Deputy Prime Minister Teo Chee Hean posted about the attacks on his Facebook page:
The head of Britain's domestic spy agency MI5 warned that Islamist militants were planning other "mass casualty attacks against the West" and that intelligence services may be powerless to stop them.
Questions mounted as to how a pair well-known for militant views could have slipped through the net and attack Charlie Hebdo.
Cherif Kouachi was a known jihadist who was convicted in 2008 for involvement in a network sending fighters to Iraq. His older brother Said was known to have travelled to Yemen in 2011, where he received weapons training from Al-Qaeda in the Arabian Peninsula (AQAP).
The brothers were both flagged in a US database as terror suspects, and also on the no-fly list, meaning they were barred from flying into the United States, the officials said.
The ISIS group's radio praised them as "heroes" and Somalia's Shebab militants, Al-Qaeda's main affiliate in Africa, hailed the massacre as a "heroic" act.
The bloodbath at Charlie Hebdo, which had repeatedly lampooned the Prophet Muhammad, has sparked a global chorus of outrage, with impromptu and poignant rallies around the world in support of press freedom under the banner "jesuischarlie" (I am Charlie).
And as a politically divided and crisis-hit France sought to pull together in the wake of the tragedy, the head of the country's Muslim community - the largest in Europe - urged imams to condemn terrorism at Friday prayers.

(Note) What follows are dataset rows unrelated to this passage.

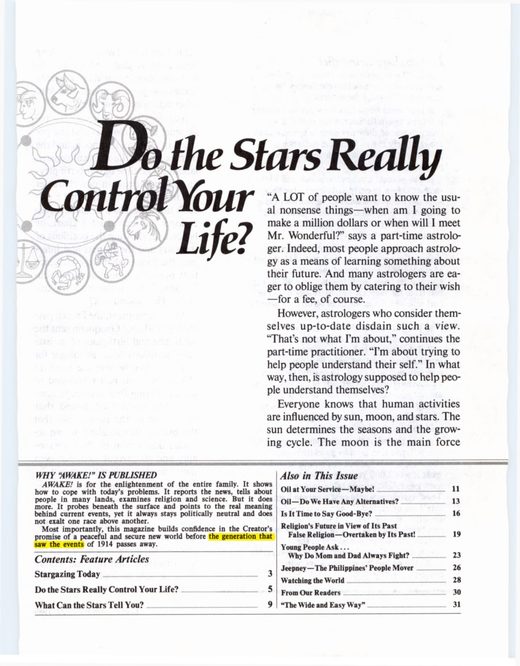 Awake! masthead, 1982–October 22, 1995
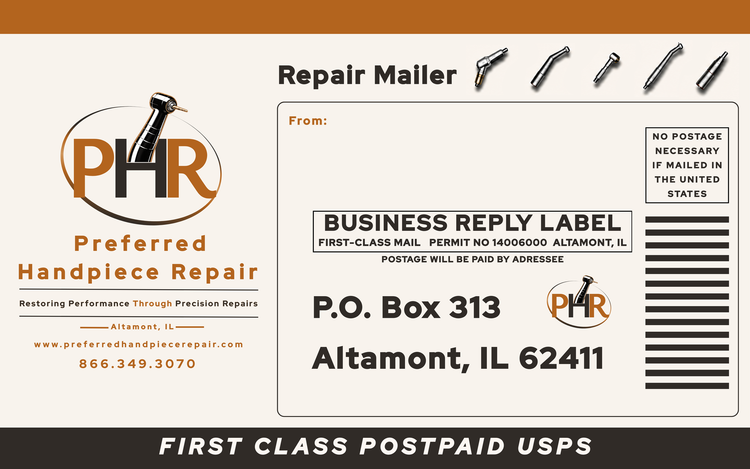 Preferred Handpiece Repair Shipping Label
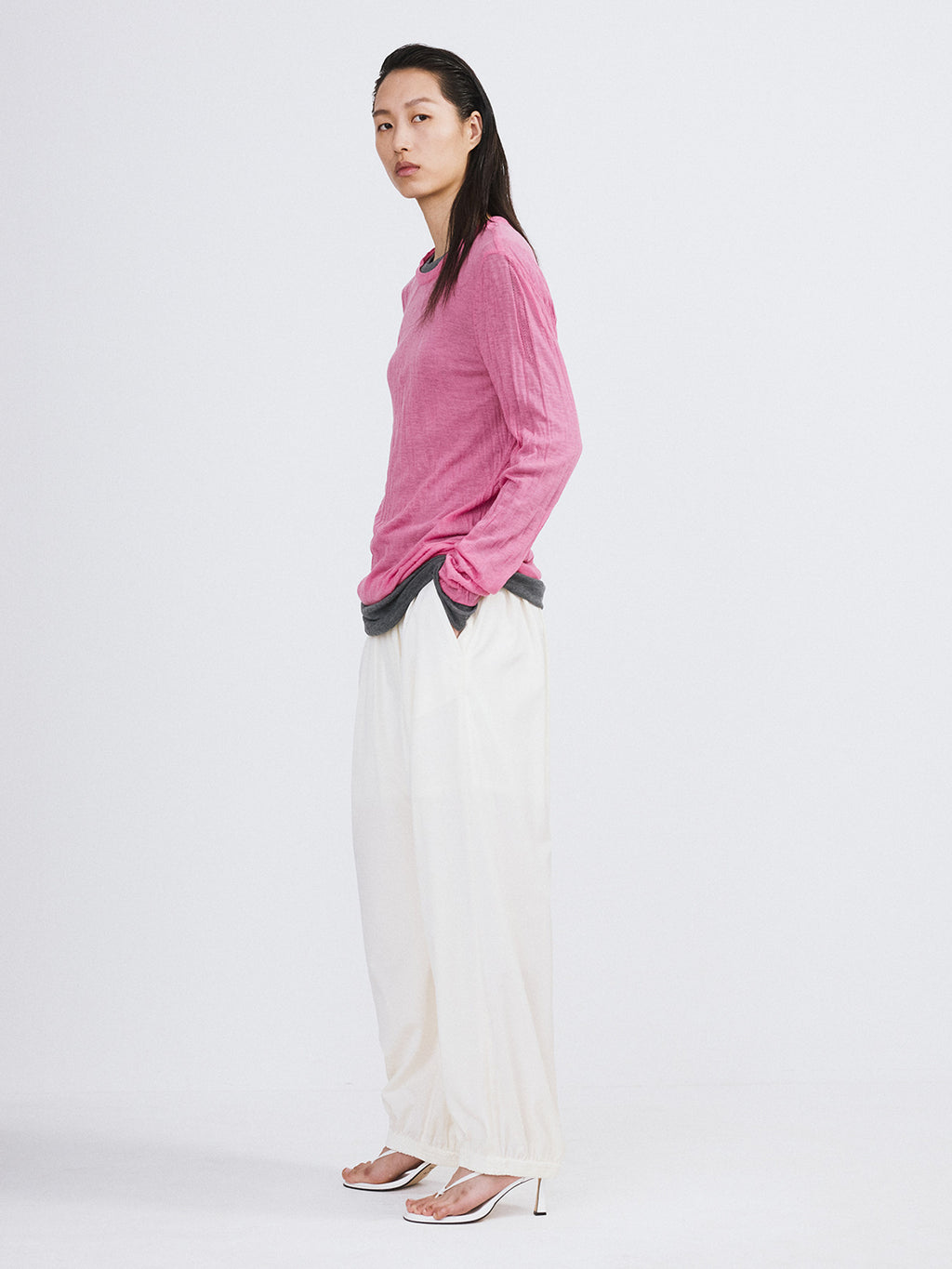 Crease Long Knit Top (Pink)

In a highly unusual step, Mr Hollande met far-right leader Marine Le Pen at the Elysee Palace on Friday, as France geared up for a "Republican march" on Sunday expected to draw hundreds of thousands.
'Stupidity will not win'
Refusing to be cowed, the controversial Charlie Hebdo magazine plans a print run of one million copies next week instead of its usual 60,000, as journalists from all over the French media landscape piled in to help out the decimated staff.
The staff are working on the new issue, targeted for next Wednesday, at premises loaned by the newspaper Liberation.
"We are hosting them because they don't even have a pencil. Their computers and all their equipment have been sealed" in their bloodsoaked offices a few streets away, said one of the bosses of Liberation, Pierre Fraidenraich.
The massive print run is a sign of defiance after the attack left 12 people dead, including five of the newspaper's most prominent cartoonists. Among them was editor-in-chief Stephane Charbonnier.
"It's very hard. We are all suffering, with grief, with fear, but we will do it anyway because stupidity will not win," said columnist Patrick Pelloux.
The issue will be sold outside France and all proceeds are to go to the families of the 12 people murdered in the attack on the newspaper.